Different definitions of conditional expectation

conditional-expectationmeasure-theoryprobability theory

As I'm trying to learn more about conditional expectation, I noticed that there are different definitions for that, depending on the book. For the following, let $(\Omega,\mathcal{F},P)$ be a measure space.

Definition 1:

Let $(X,Y)$ be a two-dimensional random variable on $\Omega$ with a joint distribution function $f_{X,Y}(x,y)$. The $(X=x)$-conditional expectation of $Y$ is given by
$$E(Y\mid X=x):=\int_{-\infty}^{\infty} yf_{Y\mid X=x}(y)dy$$

with

$$f_{Y\mid X=x}(y):=\frac{f_{X,Y}(x,y)}{f_X(x)}.$$

($f_{Y\mid X=x}(y)$ is also called conditional density function)

Definition 2:

Let $X$ be a random variable on $\Omega$ and $\mathcal{G}$ a sub $\sigma$-field of $\mathcal{F}$. A $\mathcal{G}$-measurable random variable $U$ with

$$\int_G U \ dP = \int_G X \ dP$$

for all $G \in \mathcal{G}$ is called $\mathcal{G}$-conditional expectation of $X$.

Intuitively, both definitions make sense to me. But how does one show that the definitions are equivalent?

Thank you in advance.

Best Answer

Let $(\Omega, \mathcal F, \mathbb P)$ be a probability space. Let $(X,Y)$ be random vector with probability density function $g_{(X,Y)}$. Finally, let $f$ be any borel function, such that $\mathbb E[|f(X,Y)|] < \infty$. Then it holds: $\mathbb E[f(X,Y)|Y] = h(Y)$, where:

$$ h(y) = \frac{\int_{\mathbb R} f(x,y)g_{(X,Y)}(x,y)dx}{\int_{\mathbb R} g_{(X,Y)}(x,y)dx} $$when $\int_{\mathbb R} g_{(X,Y)}(x,y)dx \neq 0$, and $h(y) = 0$ otherwise.

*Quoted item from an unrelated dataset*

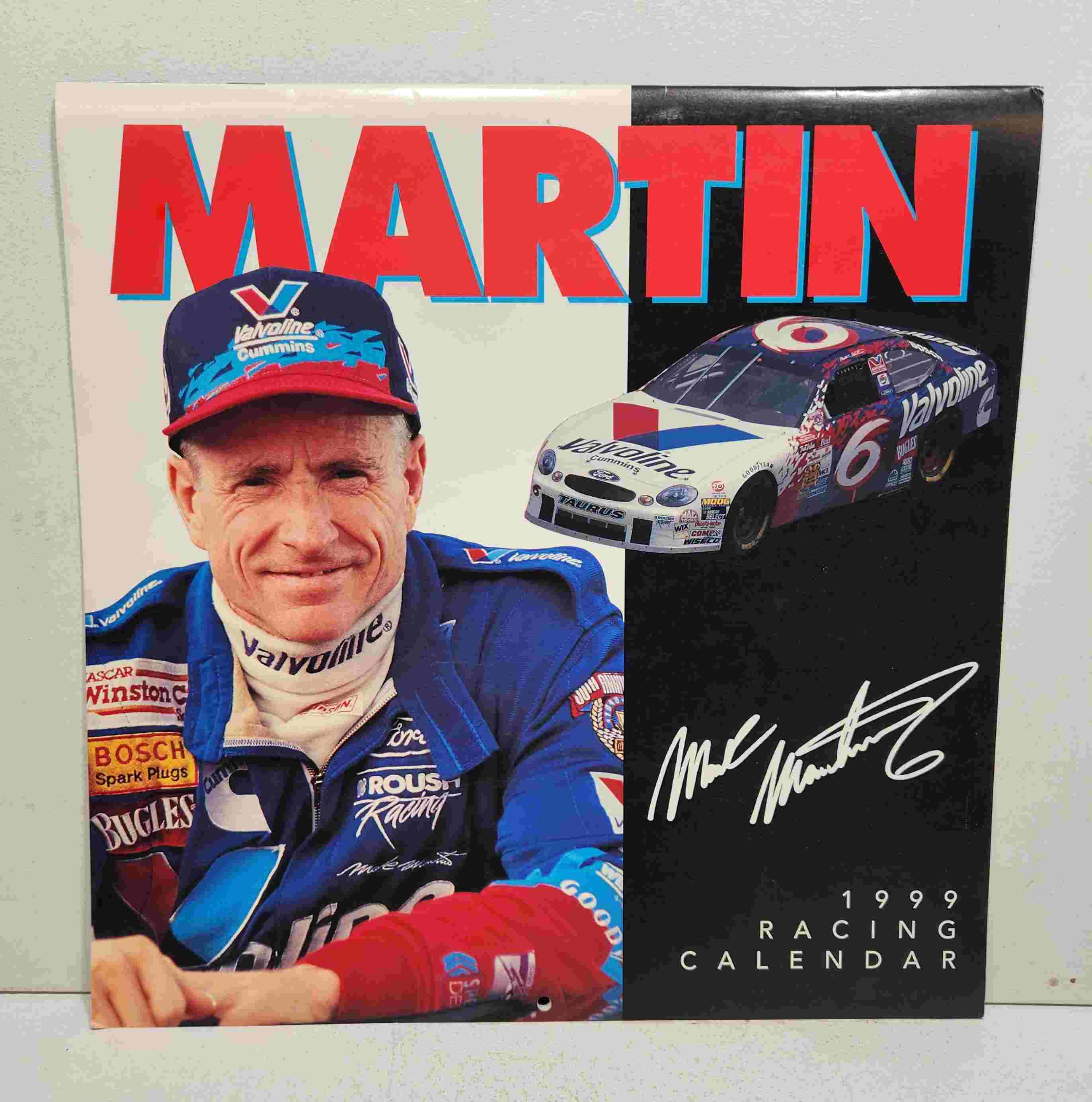 1999 Mark Martin Valvoline 12X12 Calendar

Firstly, we can put $0$ in the second case, because the set $S=\{ \omega \in \Omega : \int_{\mathbb R} g_{(X,Y)}(x,Y(\omega)) dx = 0 \}$ has measure $0$. Clearly $\mathbb P(S) = \mathbb P(Y \in S_Y)$, where $S_Y = \{ y \in \mathbb R: \int_{\mathbb R} g_{(X,Y)}(x,y)dx = 0 \}$. Then $\mathbb P(Y \in S_Y) = \int_{S_Y} g_Y(y) dy $, where $g_Y$ is marginal density (It exists due to Fubini + existence of joint density of rv $(X,Y)$ ). But note $g_Y(y) = \int_{\mathbb R} g_{(X,Y)}(x,y)dx $, so we're just integrating $0$ function (cause we on $S_Y$ where it's $0$), so $\mathbb P(S) = 0$. This + the fact that Conditional Expectation is up to the set of measure $0$ allows us to forget about the case when $g_Y(y) = 0$.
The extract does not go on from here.